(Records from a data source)
···
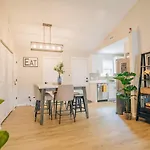 Holiday home Retreat - 4 Bedroom Oasis With King & Private Yard Near Downtown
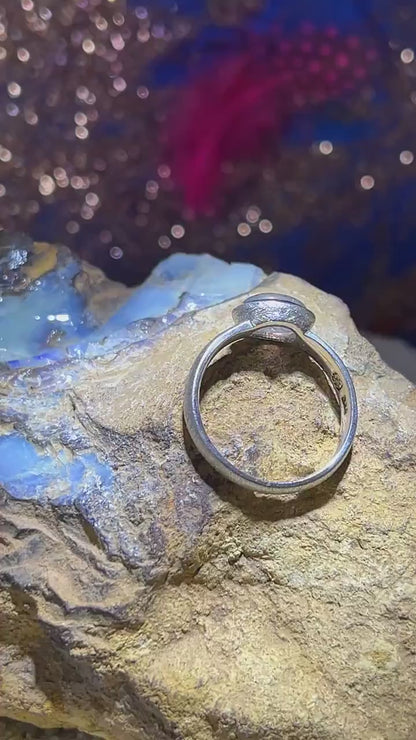 Natürlich blauer  Mondstein Ring in Silber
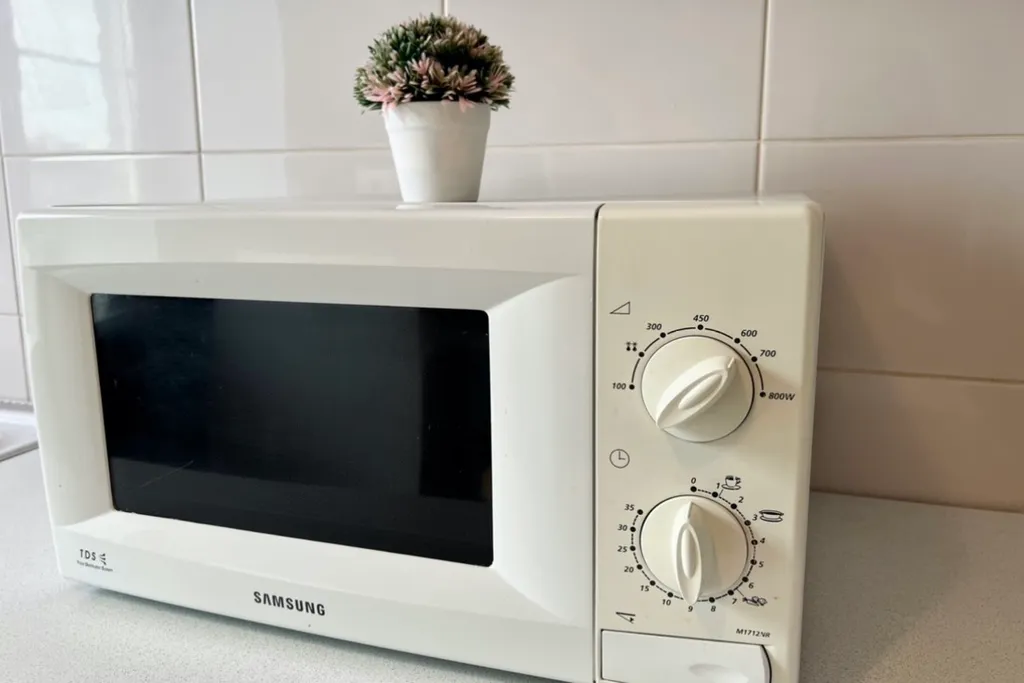 Уютная квартира возле метро Золотая Нива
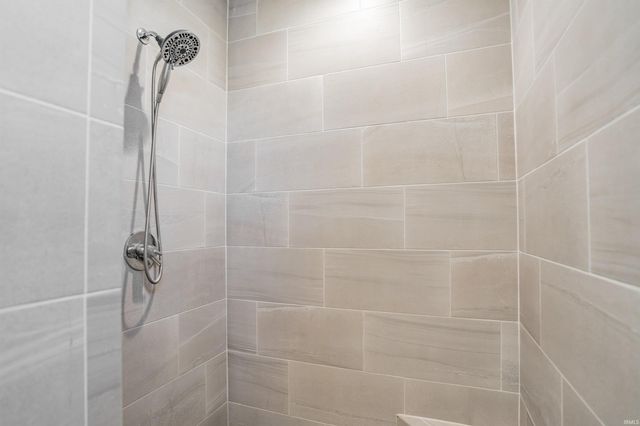 14711 Walnut Creek Drive, Fort Wayne, IN 46814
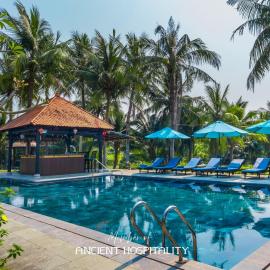 Ancient Retreat Hoi An - Riverfront Resort, hotel i Hoi An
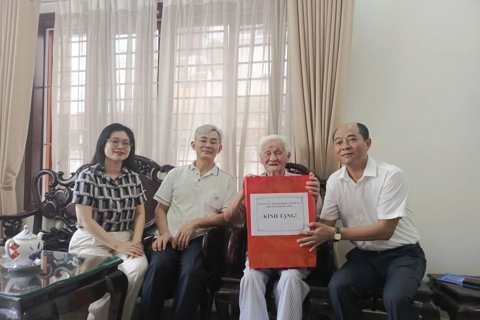 Phường Định Công thăm, tặng quà các gia đình chính sách, người có công với cách mạng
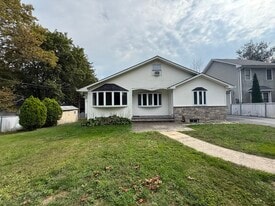 Building Photo - 28 Lake Rd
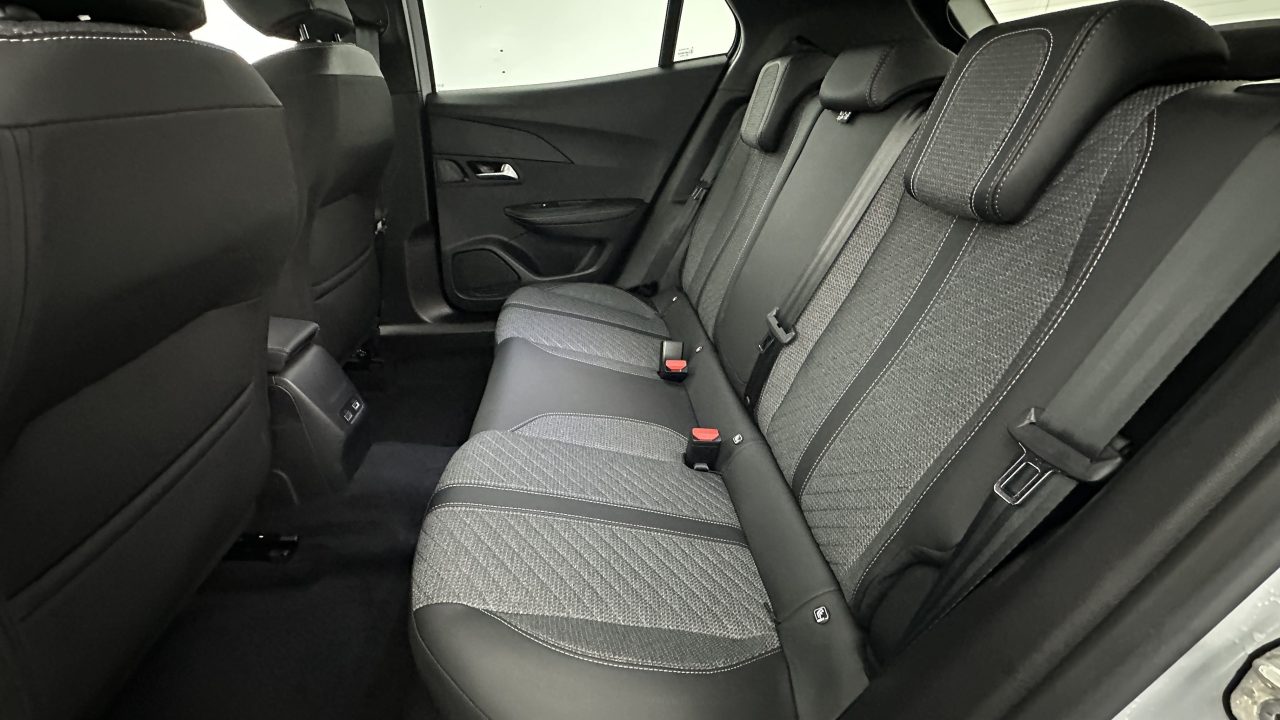 Peugeot 2008 II 1.2 Hybrid 136ch Allure e-DCS6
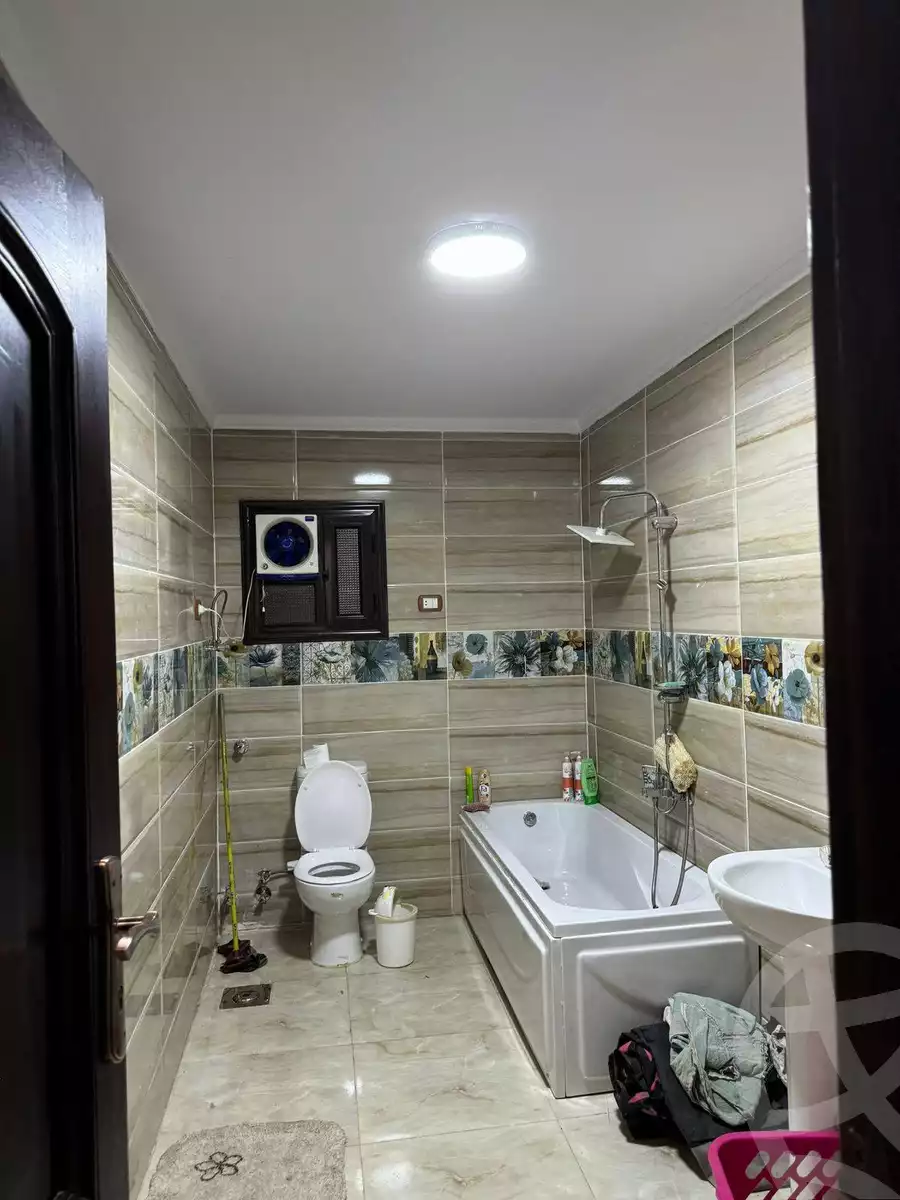 https://aqarmap.com.eg/en/listing/6144553-for-sale-cairo-shoubra-el-sahel-kashkosh-st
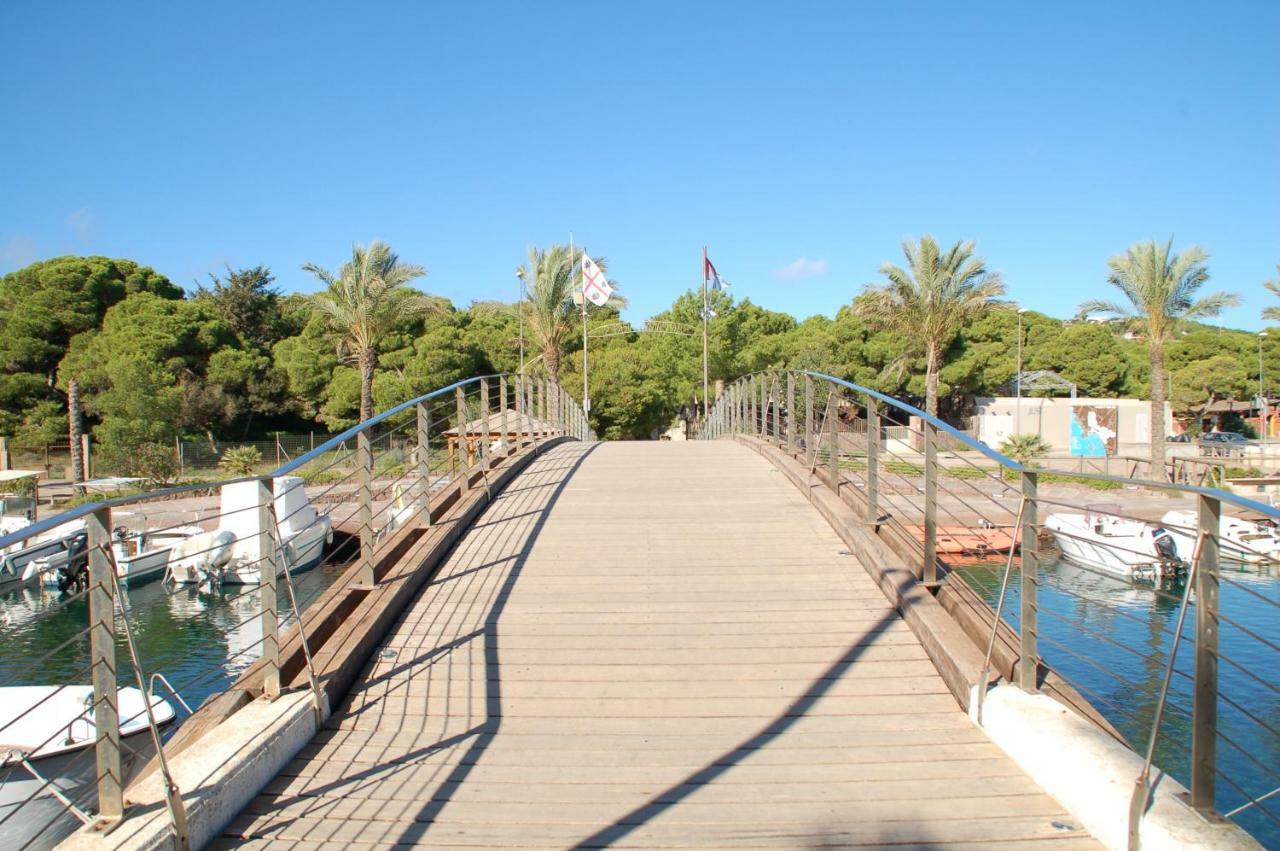 Margherita Holiday House Porto Pino Exterior photo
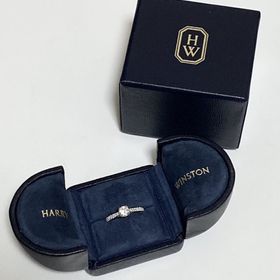 【ハリー・ウィンストン(Harry Winston)の口コミ】 「ブリリアント・ラブ」という名前がついているデザインにしました。王道…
···
EXERCISE BRIEF: From the line containing "14711 Walnut Creek" through the final line of the records, write out each line exactly, and include no pictures.

EXPECTED ANSWER:
 14711 Walnut Creek Drive, Fort Wayne, IN 46814
 Ancient Retreat Hoi An - Riverfront Resort, hotel i Hoi An
 Phường Định Công thăm, tặng quà các gia đình chính sách, người có công với cách mạng
 Building Photo - 28 Lake Rd
 Peugeot 2008 II 1.2 Hybrid 136ch Allure e-DCS6
 https://aqarmap.com.eg/en/listing/6144553-for-sale-cairo-shoubra-el-sahel-kashkosh-st
 Margherita Holiday House Porto Pino Exterior photo
 【ハリー・ウィンストン(Harry Winston)の口コミ】 「ブリリアント・ラブ」という名前がついているデザインにしました。王道…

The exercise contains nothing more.